> WHAT YOU HAVE TO DO:
Your answer must be an exact copy of the data below, minus any pictures.

> RECORDED INFORMATION:
-=-=-

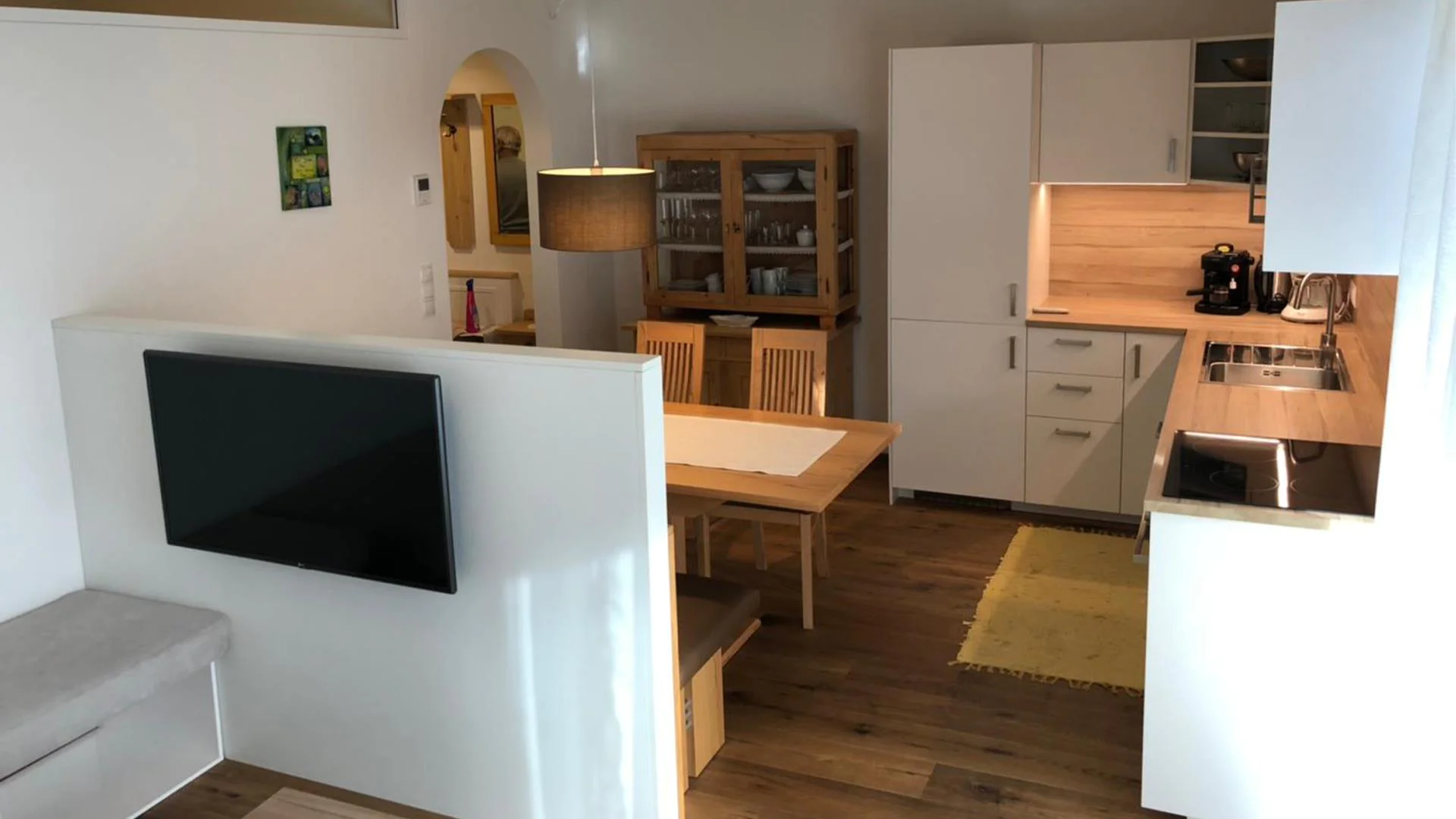 Neunhäuserer Valdaora 5 suedtirol.info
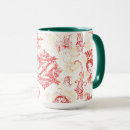 Recherche de magasin vintage tasses Assistant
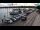 Webcam in Umag, 5.2 mi away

-=-=-

> RESPONSE BOX:
 Neunhäuserer Valdaora 5 suedtirol.info
 Recherche de magasin vintage tasses Assistant
 Webcam in Umag, 5.2 mi away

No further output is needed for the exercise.